I'm shooting some pretty smooth/fast foam limbs [WW inno's] on my ILF riser right now. This setup at 54# is a pleasure to shoot but not whisper quiet even with limb pads, yarn wrap, yarn puffs and 560 gr arrows. I have played with BH and its at what seems to be quietest. If I can get comparable performance with longbow limbs without losing too much speed I might want to give them a whirl.


----------



## hockey7 (Jan 29, 2004)

Your out west....try Jim Neaves ( Centaur Archery ) carbon ILF longbow limbs.

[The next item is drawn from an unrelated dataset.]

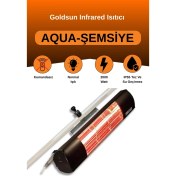 Resim Aqua 2000 Watt GSU20 Şemsiye Tip Kumandasız Suya Dayanıklı Elektrikli Infrared Isıtıcı-Siyah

PS...where did you find a heavy set of W&W limbs?


----------



## GEREP (May 6, 2003)

Beendare:

Are you sure you want to buy new limbs? 

Unless that's what you really want to do, why don't we explore why you can't get your rig quiet first? Seldom have I seen an ILF rig that couldn't be made hunting quiet. Can you give a detailed description of your setup?

KPC


----------



## Matt_Potter (Apr 13, 2010)

Been shooting a set of dryad ACS limbs on a DAS and a warfed dorado - love them fast stable and quiet.


----------



## MAC 11700 (Feb 22, 2011)

Cut a bicycle inner tube to fit under the limbs fir starters...and make sure everything is tight on the riser..bolts can come loose..quivers rattle ad well..

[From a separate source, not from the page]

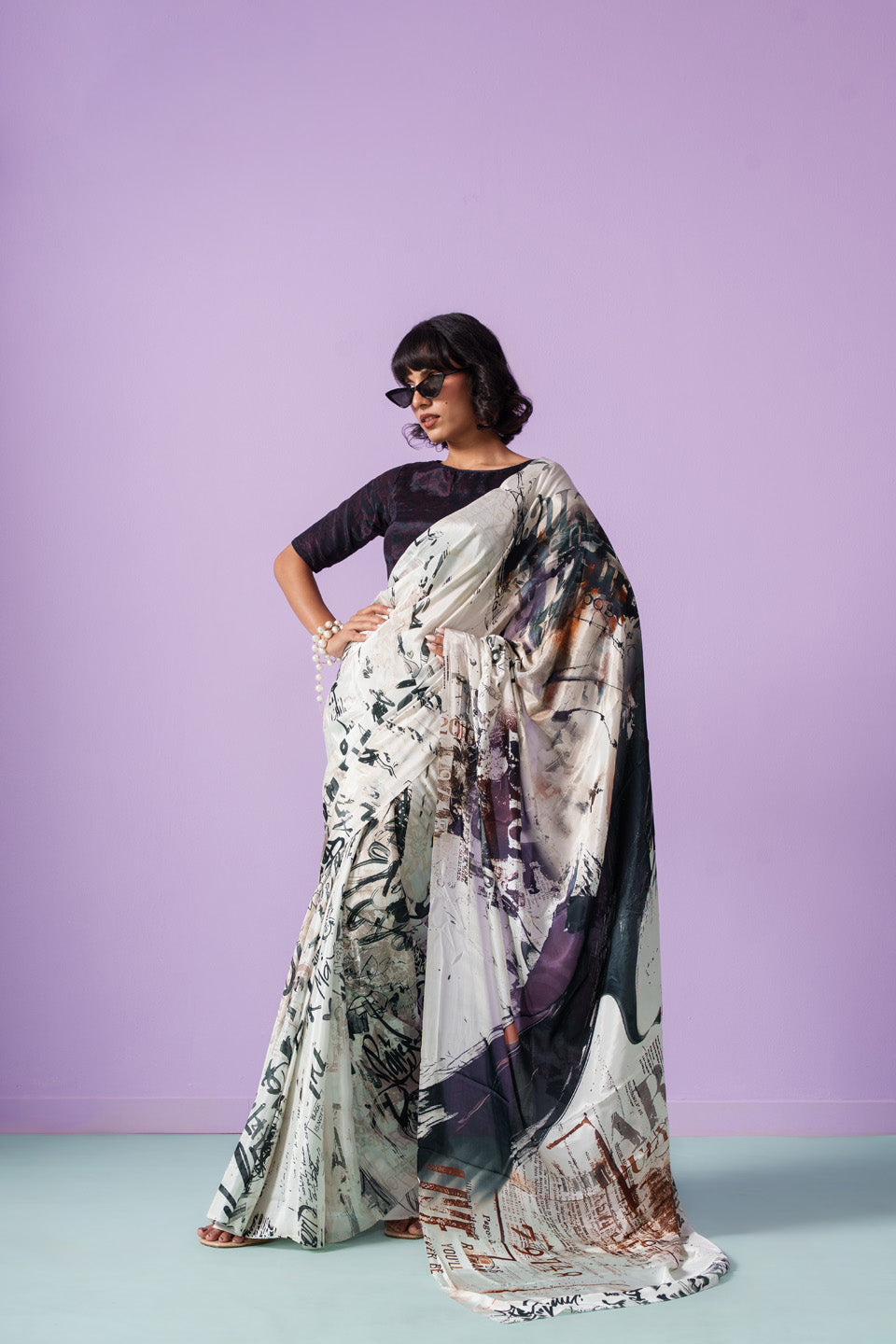 Graffiti Rebellious Elegance Letter Saree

I second a set of Centaur's ILF limbs....everything I have read about them has been positive. .and Jim is making me a set...albeit in bolt downs for my 21" Hoyt Hunter Supreme riser..

Mac


----------



## Beendare (Jan 31, 2006)

I know quiet is a relative term, maybe thats the issue, I'm asking the wrong question. Are longbow limbs that are high performance silent?
I've shot next to longbows that hardly make a sound....but they werent what I would consider good performance either.

My setup; Morrison wood riser, shelf is velcro, No rattle from Riser or connections- padded limb bolts. I have yarn string silencers, yarn woven into ends of the flemish string, Morrison 14 strand string, felt limb pads that- I just looked- are worn through so I should replace those with??

I start with lower BH- about 6 1/2"- pretty loud but at about 7 1/8" it pretty quiet so BH is adjusted I would say.


----------



## Bowmania (Jan 3, 2003)

Put yard silencers in 3 places above the nocking point. My first one (and then going up) is 16 inches from the string nocks on a 64 inch longbow. The next two are equally spaced between the first one and the string nock. Do the same on the bottom for a total of 6. It will cost you about 3 fps, but my bows are very silent. You're trying to get rid of oscillations. That's what makes noise.

Bowmania


----------



## GEREP (May 6, 2003)

Beendare said:


> I know quiet is a relative term, maybe thats the issue, I'm asking the wrong question. Are longbow limbs that are high performance silent?
> I've shot next to longbows that hardly make a sound....but they werent what I would consider good performance either.
> 
> My setup; Morrison wood riser, shelf is velcro, No rattle from Riser or connections- padded limb bolts. I have yarn string silencers, yarn woven into ends of the flemish string, Morrison 14 strand string, felt limb pads that- I just looked- are worn through so I should replace those with??
> ...


What length riser, what length limbs, making what length bow?

KPC


----------



## Beendare (Jan 31, 2006)

GEREP said:


> What length riser, what length limbs, making what length bow?
> 
> KPC


17" riser, long ILF limbs- 62" bow, shooting it at about 30" draw


----------



## GEREP (May 6, 2003)

Just out of curiosity, have you tried a higher brace height. Like in the 7.75-8.25" range? 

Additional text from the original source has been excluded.